> _Prompt_
Below is a block of entries; repeat exactly the lines starting at the line that contains "Metal roof-colonial red by Esh Builders" and ending at the line that contains "A leather and", both included.

· · · · · · ·

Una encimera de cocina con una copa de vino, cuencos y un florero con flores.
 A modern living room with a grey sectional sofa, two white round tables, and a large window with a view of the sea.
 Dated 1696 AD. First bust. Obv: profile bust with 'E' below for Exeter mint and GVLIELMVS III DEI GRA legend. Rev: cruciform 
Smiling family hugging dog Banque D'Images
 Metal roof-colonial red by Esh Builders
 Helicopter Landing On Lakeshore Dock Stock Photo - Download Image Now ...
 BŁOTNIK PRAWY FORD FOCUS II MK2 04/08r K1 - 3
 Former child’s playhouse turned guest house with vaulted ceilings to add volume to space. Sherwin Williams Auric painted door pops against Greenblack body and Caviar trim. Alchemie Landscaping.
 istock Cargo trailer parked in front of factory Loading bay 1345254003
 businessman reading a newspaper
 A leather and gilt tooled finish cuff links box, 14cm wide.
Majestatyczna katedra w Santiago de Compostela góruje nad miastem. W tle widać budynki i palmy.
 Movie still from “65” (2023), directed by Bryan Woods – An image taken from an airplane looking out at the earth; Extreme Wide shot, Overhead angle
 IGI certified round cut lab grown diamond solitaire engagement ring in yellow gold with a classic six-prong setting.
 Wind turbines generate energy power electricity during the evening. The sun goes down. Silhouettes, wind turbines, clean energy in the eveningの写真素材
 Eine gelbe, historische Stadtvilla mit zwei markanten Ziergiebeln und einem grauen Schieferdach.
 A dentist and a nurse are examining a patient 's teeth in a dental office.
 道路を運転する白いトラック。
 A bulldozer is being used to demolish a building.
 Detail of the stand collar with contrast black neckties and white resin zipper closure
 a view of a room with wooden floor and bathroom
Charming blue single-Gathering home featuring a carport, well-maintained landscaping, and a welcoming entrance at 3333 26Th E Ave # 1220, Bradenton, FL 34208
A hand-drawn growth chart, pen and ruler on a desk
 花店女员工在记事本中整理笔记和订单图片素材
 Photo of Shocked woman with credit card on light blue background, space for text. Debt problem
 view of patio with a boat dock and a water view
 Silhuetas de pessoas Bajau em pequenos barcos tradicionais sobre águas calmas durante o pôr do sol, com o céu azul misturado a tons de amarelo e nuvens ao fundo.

· · · · · · ·

> _Response area_
 Metal roof-colonial red by Esh Builders
 Helicopter Landing On Lakeshore Dock Stock Photo - Download Image Now ...
 BŁOTNIK PRAWY FORD FOCUS II MK2 04/08r K1 - 3
 Former child’s playhouse turned guest house with vaulted ceilings to add volume to space. Sherwin Williams Auric painted door pops against Greenblack body and Caviar trim. Alchemie Landscaping.
 istock Cargo trailer parked in front of factory Loading bay 1345254003
 businessman reading a newspaper
 A leather and gilt tooled finish cuff links box, 14cm wide.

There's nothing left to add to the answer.